== About this exercise ==
Every entry must be repeated exactly. Exclude all pictures.

== Data shown ==
============
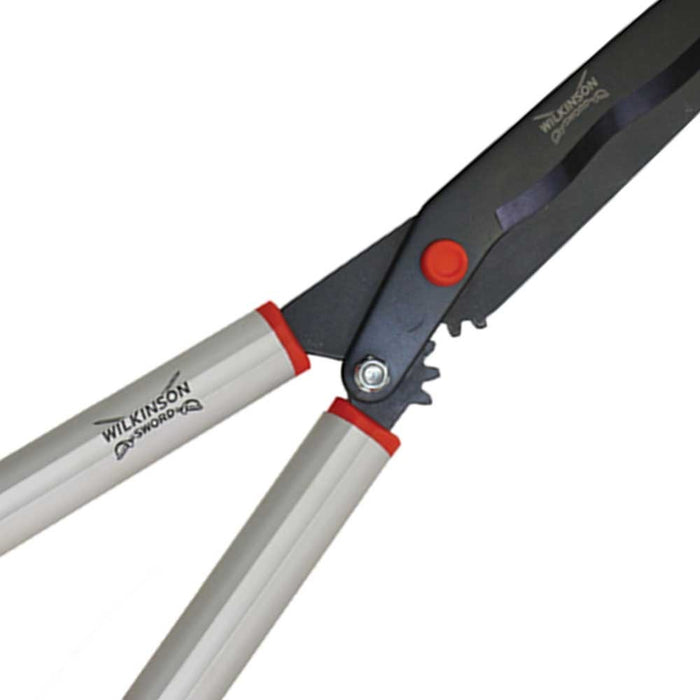 Metal Geared Hedge Shears
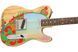 FENDER JIMMY PAGE TELECASTER RW NAT Электрогитара FE-0391 фото 3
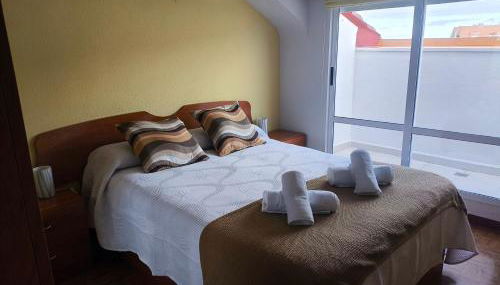 Apartamento entreplayas Los Espejos - Foto 2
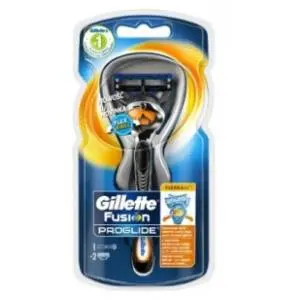 Brijač GILLETTE Fusion Proglide flexball 2Up 1kom slide slika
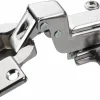 Hettich Intermat Topfscharnier mit Klipsmontage innenliegend Ø 35 mm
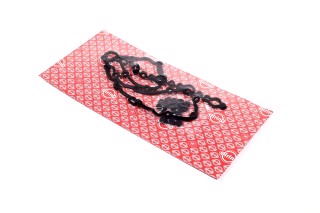 Комплект прокладок, крышка головки цилиндра OPEL 1,6CDTI A16DTH/B16DTH/D16DTH 14- (пр-во Elring)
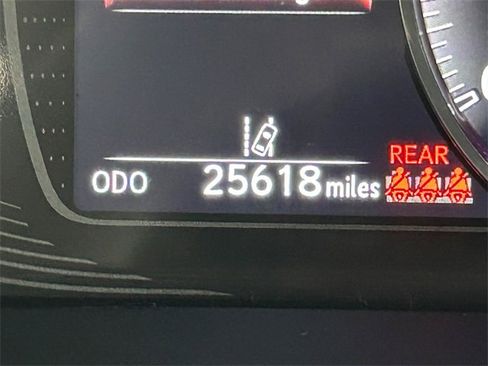 Certified 2024 Lexus ES 350 350 image 18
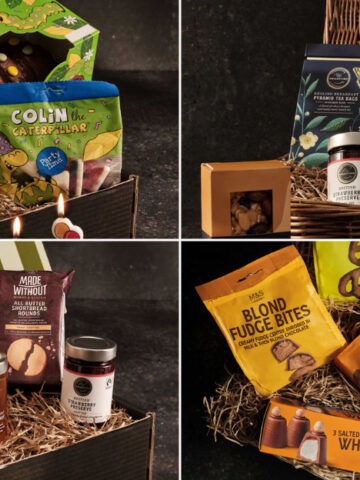 Best Marks & Spencer Food Gift Sets To Treat Loved Ones
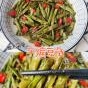 干煸豆角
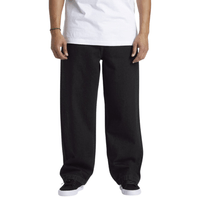 Pantalón Dc Hombre Worker Baggy Rbt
============
== Answer space ==
 Metal Geared Hedge Shears
 FENDER JIMMY PAGE TELECASTER RW NAT Электрогитара FE-0391 фото 3
 Apartamento entreplayas Los Espejos - Foto 2
 Brijač GILLETTE Fusion Proglide flexball 2Up 1kom slide slika
 Hettich Intermat Topfscharnier mit Klipsmontage innenliegend Ø 35 mm
 Комплект прокладок, крышка головки цилиндра OPEL 1,6CDTI A16DTH/B16DTH/D16DTH 14- (пр-во Elring)
 Certified 2024 Lexus ES 350 350 image 18
 Best Marks & Spencer Food Gift Sets To Treat Loved Ones
 干煸豆角
 Pantalón Dc Hombre Worker Baggy Rbt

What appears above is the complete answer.